Have you used DocBooks XSLT stylesheets with those tools. XSLT stylesheet is a set of rules that helps convert XML file into another.

https://www.oxygenxml.com/forum/topic10767.html

Code: Select all

xml tr oxygen.xsl your-xml.xml >test.txt

where oxygen.xml:

Code: Select all

<xsl:stylesheet xmlns:xsl="http://www.w3.org/1999/XSL/Transform" version="1.0">
    <xsl:template match="text()[string-length(normalize-space()) = 0]">
        <xsl:text>
</xsl:text>
    </xsl:template>
   
    <xsl:template match="@*"/>
</xsl:stylesheet>

You will get output maybe not so beautifull like yours, but wait, maybe it is time to learn XSLT and make much better XSLT sheet

.

O try use PanDoc:

https://pandoc.org/demos.html

Example 31:

Code: Select all

pandoc -f docbook -t markdown -s howto.xml -o example31.text

jamesbond · #18 Post by **jamesbond** » Wed 14 Feb 2018, 15:58

My apology. for offering the wrong tool for the job. I didn't read the first post carefully.

All that xml2 does is flatten the .xml files so you can process them further with the familiar awk/sed/grep set of tools (which are line-based and cannot work with hierarchical structure - of which .xml files are). It's a generic tool to pre-process generic .xml files for further processing.

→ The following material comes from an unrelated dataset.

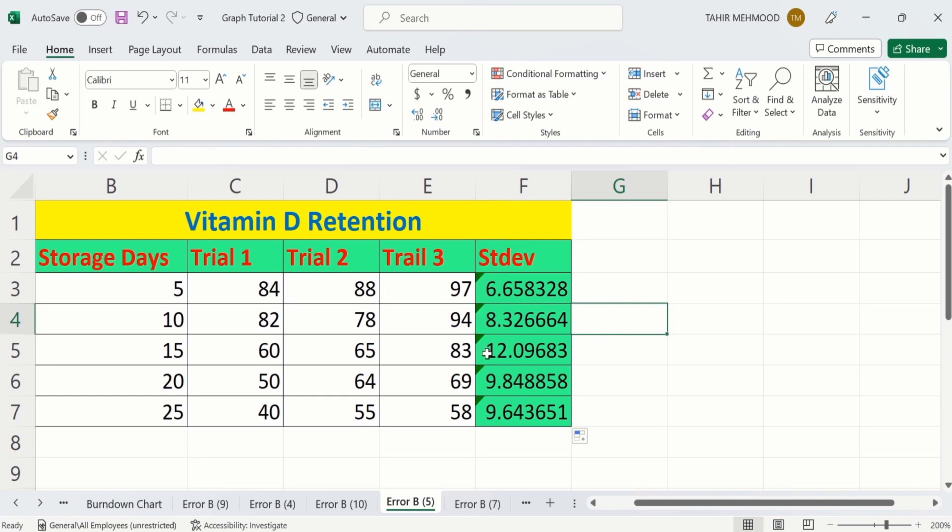So by doing so, you can easily calculate the standard deviation in Microsoft Excel. That's the end of this video. Thanks for watching this video. Goodbye.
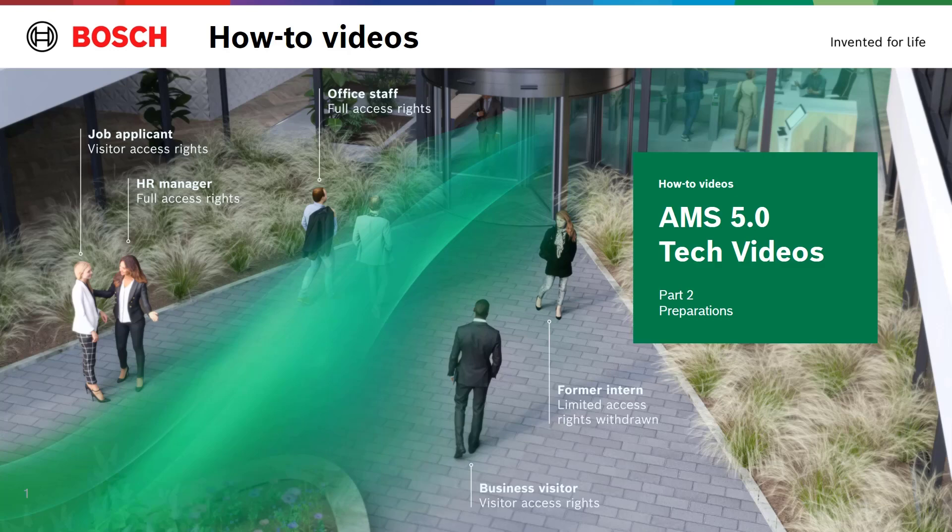In the video before we have installed the AMS software on the system. In the video hereafter we will start with the actual configuration. In this video however we first perform the parts that we need before we can actually add the devices.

You need a tool to convert a bunch of very specific .xml files (that is, pekwm doc files), in a very specific way, into text files. This is a very specific requirement for which no generic tool would do, or exist. I believe that your script is the first tool ever created to accomplish that job, and being the only tool in its class, I would say it's the best tool there is.

@puppy_apprentice: The pekwm doc is written in an old version of DocBook. With a newer docbook all you need is xslt processor (the one from xmlstarlet should do), and the docbook XSLs; but pekwm uses DSSSL and it requires OpenJade tool to convert it into PDF or HTML. The author of pekwm said so himself: https://github.com/pekdon/pekwm/blob/ma ... /mkdocs.sh.

puppy_apprentice · #19 Post by **puppy_apprentice** » Wed 14 Feb 2018, 16:04

I belive it is no problem to convert those XMLs to HTML with proper XSLT stylesheet (PDF is another story, but you can convert it to PDF using my CSS from Firefox via CUPS-PDF).

musher0 · #20 Post by **musher0** » Wed 14 Feb 2018, 19:41

Many thanks for the encouragements, guys.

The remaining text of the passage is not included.